Ethanol affects the SinR-SinI-dependent regulatory circuit controlling spore development in B. subtilis. (A to C) β-Galactosidase activities of the reporter fusions sinR-lacZ (RG438) (A) and sinI-lacZ (RG437) (B and C) in wild type (A and B) and hpr mutant (RG439) (C) strains. Cells were grown in SSM at 37°C until mid-exponential phase, at which time ethanol (0.7 M) was added to one-half of each culture (arrow). Growth was continued for several hours, and β-galactosidase activity was measured at the indicated times (closed symbols, without ethanol; open symbols, with ethanol). The results of a representative experiment are shown. M.U., Miller units. (D) Model for the SinR-dependent branch of inhibition of sporulation by alcohol treatment. In untreated ethanol cultures (minus ethanol in the cartoon), SinR synthesis blocks spo0A and early spoII gene expression during exponential phase (23, 24). Hence, the start of sporulation is prevented during vegetative growth.

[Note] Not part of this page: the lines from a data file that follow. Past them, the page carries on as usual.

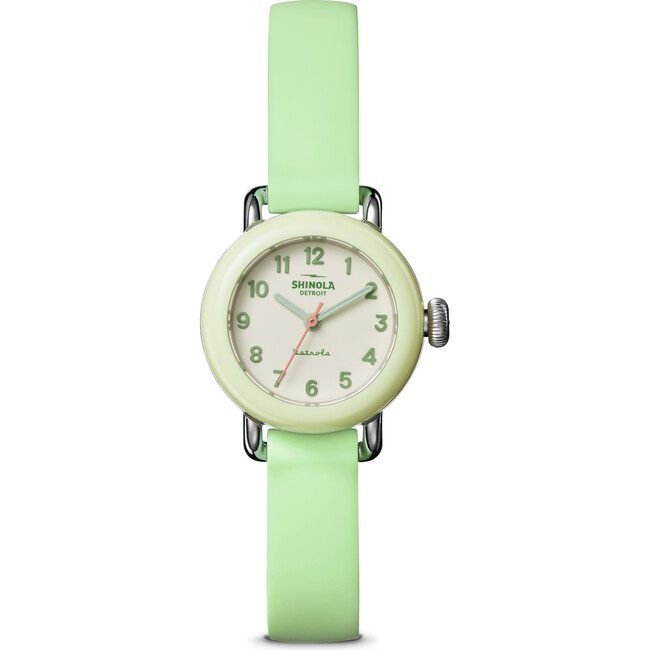 Women's Pee Wee 3h 25mm Watch, Bright Mint Silicone Strap - Watches - 1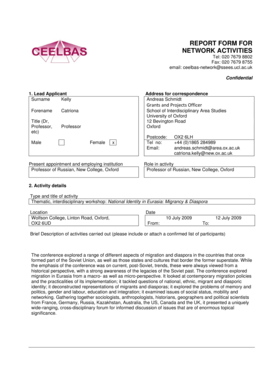 Film producer contract template - REPORT FORM FOR NETWORK ACTIVITIES - ceelbasacuk - ceelbas ac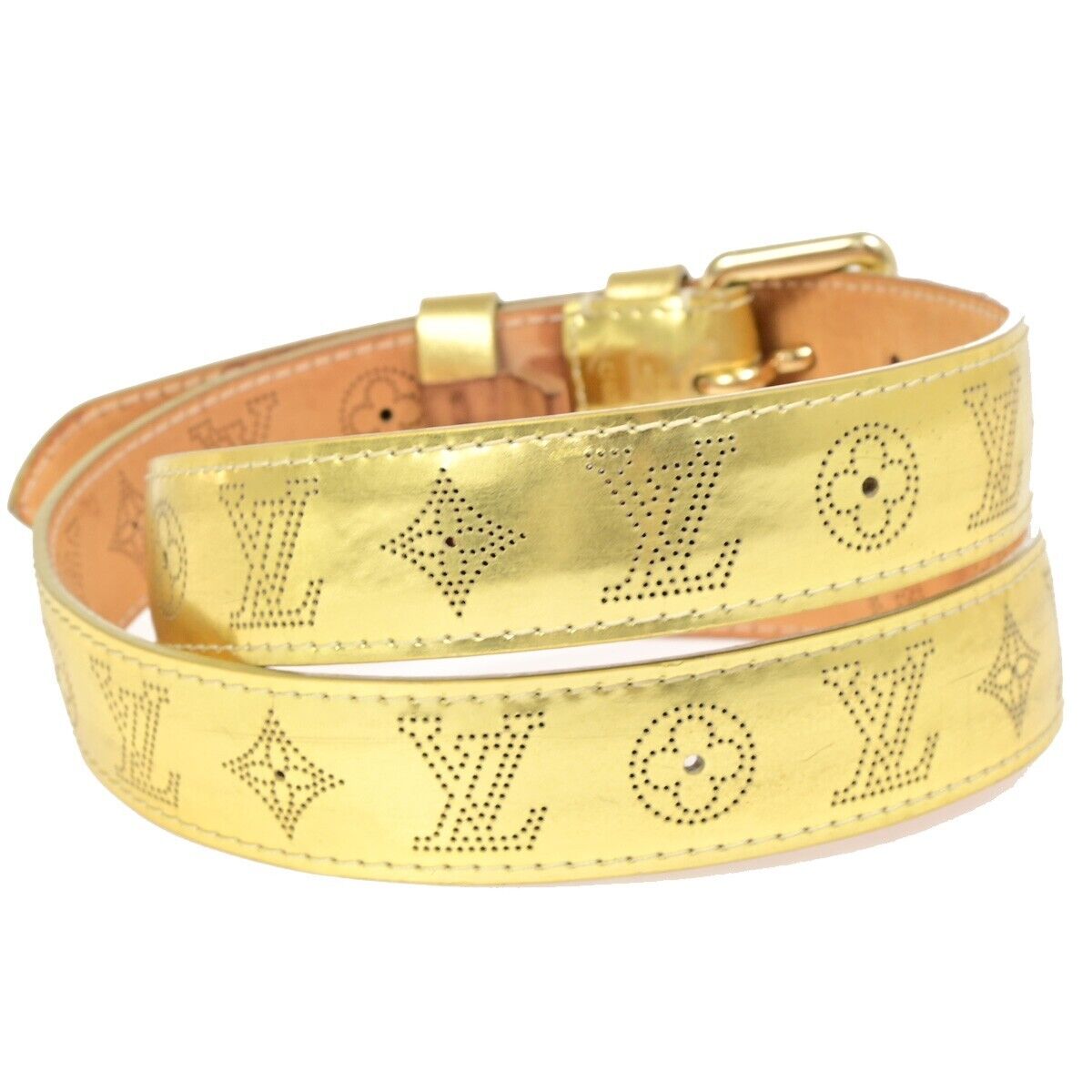 Louis Vuitton Mahina Gold Leather Belt (Pre-Owned)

At the onset of stationary phase down-regulation of the Hpr repressor and the higher levels of Spo0A∼P activate transcription of sin. The increased levels of SinI overcome SinR levels, sequestering all the repressor protein in an inactive complex (SinI::SinR); hence sporulation begins. With alcohol treatment (plus ethanol in the figure), sinR expression is enhanced during both exponential and stationary phases. Simultaneously, down-regulation of spo0A (due to enhanced production SinR and RapA, see above) up-regulates abrB and hpr expression (data not shown). The decreased generation of Spo0A∼P and the increased levels of Hpr, activator and repressor of sinI expression, respectively, result in the production of low levels of SinI that cannot overcome the ethanol-dependent SinR overproduction; hence the beginning of sporulation is constitutively blocked. Also shown is the repressing effect of Hpr on opp, which contributes to the RapA-mediated inhibitory effect of alcohol on sporulation (see the text for details).

FIG. 7.

The inhibitory effect of alcohol on sporulation constitutes a developmental checkpoint assuring cellular survival in the absence of lipid synthesis. (A) Autoradiographic pattern of lipids synthesized by the reference strain JH642 in the presence of the specific inhibitor of fatty acid synthesis cerulenin or ethanol in sporulation medium. A culture of strain JH642 was grown until T₀ in SSM at 37°C. At this time several 1-ml samples were taken and treated with ethanol (0.7 M) or cerulenin (5 μg ml⁻¹) and exposed to 10 μCi of [¹⁴C]isoleucine for 3 h at 37°C. A duplicate 1-ml sample was incubated for the same period with the radioactivity but without cerulenin or ethanol supplementation (positive control). After these incubation periods lipids were extracted and chromatographed as described in Material and Methods. The radioactive compounds were located by autoradiography, eluted from the silica gel, and then quantified by scintillation counting. The sample in lane 1 (positive control) contained 10,000 and 13,000 cpm of radioactivity in the phospholipid (PL) and diacylglycerol (DG) fractions, respectively. Lanes 2 (cerulenin treated) and 3 (ethanol treated) contained 390 and 430 cpm in the PL fractions, and 400 and 350 cpm in DG fractions, respectively. Essentially, the same results were observed in several independent experiments done with [¹⁴C]acetate or [¹⁴C]isoleucine as precursors of radioactive lipids. (B) Schematic cartoon representing the effects of and the key regulators triggered by alcohol treatment and their roles in spore formation and cellular survival.